Help with speeding up the search and creating custom loss function expression #905

skadoosh-MC · 2025-05-01T16:15:05Z

skadoosh-MC
May 1, 2025

Hi,

I usually run PySR on an HPC and let it run for 4 days at a time but I find that the loss is still quite large and the equations haven't evolved as much as I wanted them to. I've been reading and implementing the tips from Astroautomata, like turning on turbo, bumper and batching, keeping the operators simple, keeping a large ncycles_per_iteration, etc. One thing I would like to mention here is that I've kept a large maxsize since I'd like more complex equations (I know this can slow the process down a little bit). I've even downsampled the number of points in my dataset. Do you have any other suggestions that could help speed up the search?
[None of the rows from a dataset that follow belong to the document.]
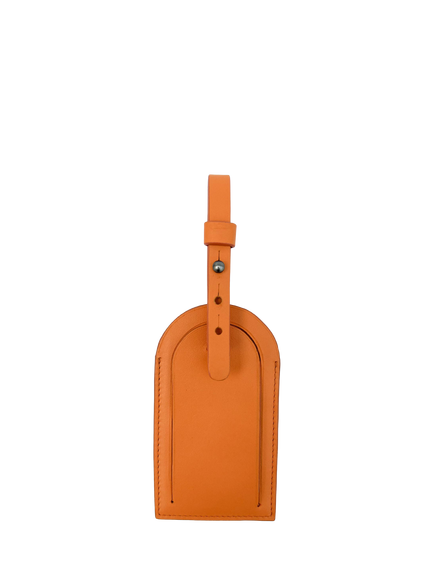 Apatchy Leather Luggage Tag, Orange - view 2, Orange
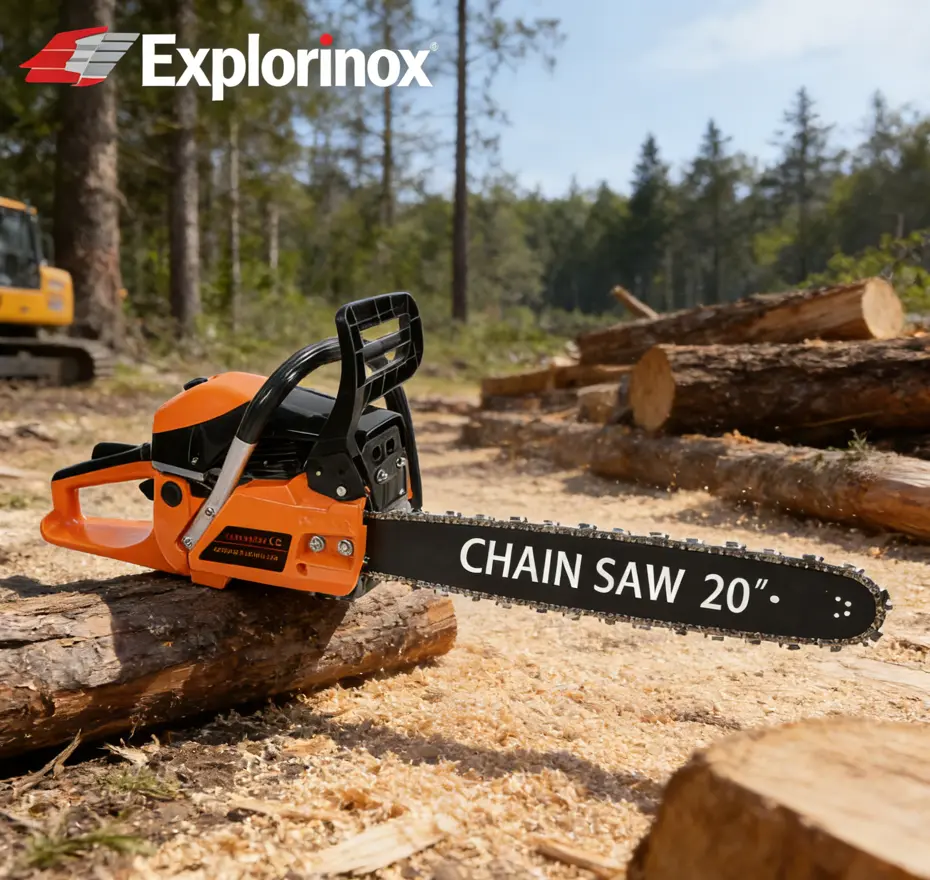 Explorinox 58cc 20-in Gas Chainsaw - 2200W High Power Plastic Model with 1 x Guide Plate, Durability, Automatic Oiler, Ergonomic Design, Comfortable Control for Garden, Ranch Use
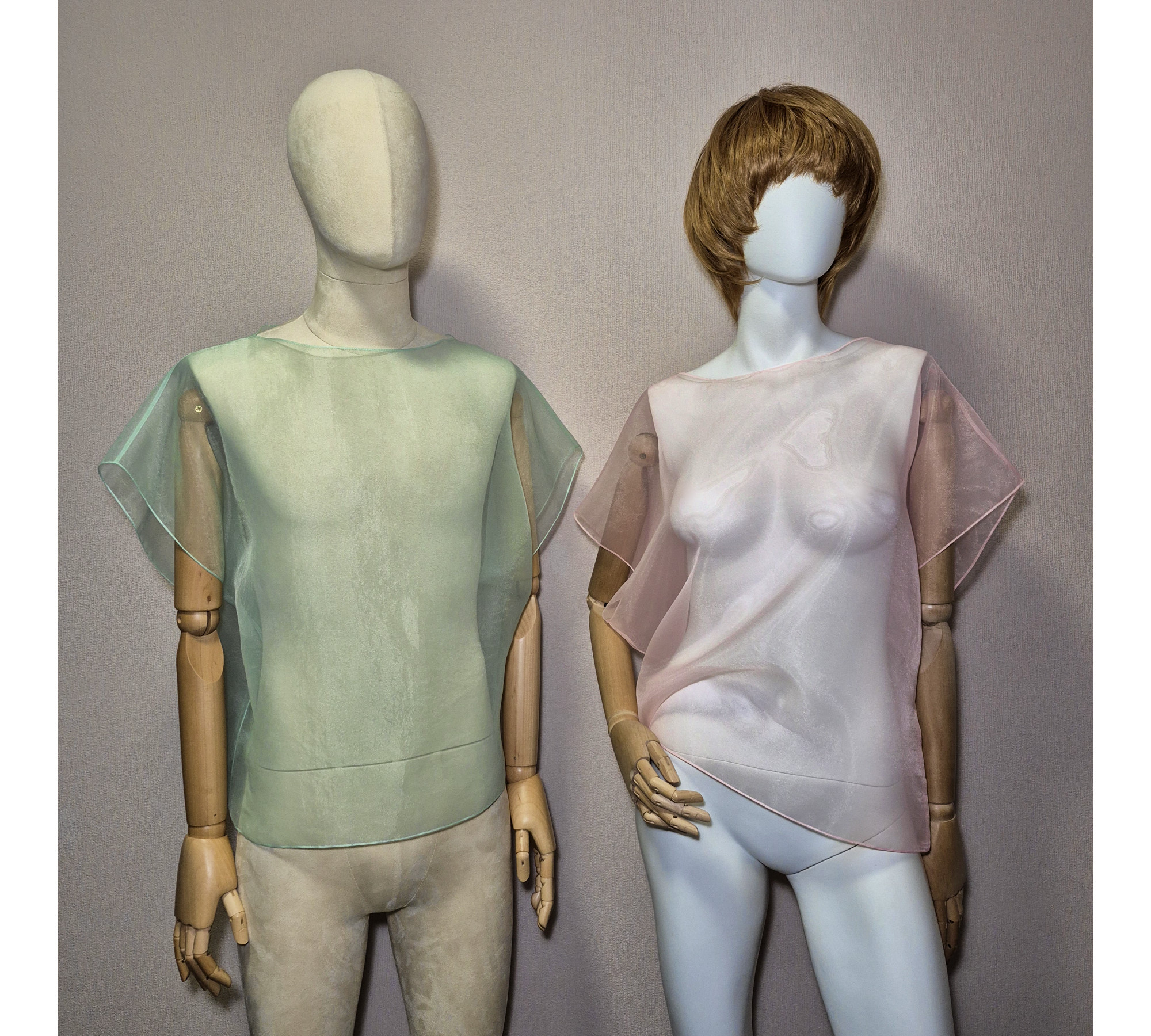 Elegant organza cape. A simple sheer blouse. Oversized cover up.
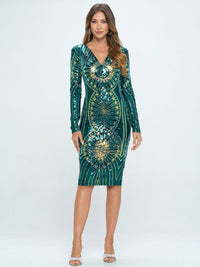 WOMEN'S LONG SLEEVE V-NECK BODYCON SEQUINS MIDI DRESS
My second question is, is there a way to save a model and then continue training from where it stopped?

Below is what my hyperparameters look like -

# loss is defined before the regressor object

model_pk = PySRRegressor(
            binary_operators=["+", "-", "*", "/", "^"],        
            constraints={'^': (-1, 1)},         
            unary_operators=["square"],
            elementwise_loss=elementwise_loss,     
            niterations=1000,
            populations=200,
            population_size=300,             
            maxsize=70,            	
            maxdepth=20,   		
            timeout_in_seconds=345600,     # 4 days
            ncycles_per_iteration=3000,
            weight_optimize=0.001,
            weight_add_node=0.004522835200528927,
            weight_insert_node=27.524411192119594,
            weight_mutate_constant=3.4908752644974177,
            weight_mutate_operator=0.005418386628230309,
            weight_do_nothing=0.001374964776098089,
            fraction_replaced=0.013374993832223066,
            fraction_replaced_hof=0.030981822809764206,
            procs=40,    	  # cores in a node 
            batching=True,
            turbo=True,
	    bumper=True   
)

Any help will be appreciated!! Thank you in advance : D

MilesCranmer · 2025-05-01T18:23:28Z

MilesCranmer
May 1, 2025
Maintainer

A few tips:

Don't use square as an operator if you are also using ^ since they are degenerate with eachother.
I would impose stricter constraints on operators such as / and ^.
Since you are using a larger maxsize you could experiment with providing a parsimony. As I say on the tuning page, I like to set this to 0.1x the top loss I would expect for a particular problem.
Experiment with batch size.
@gm89uk has found that adaptive_parsimony_scaling set to 20 seems to produce better results sometimes.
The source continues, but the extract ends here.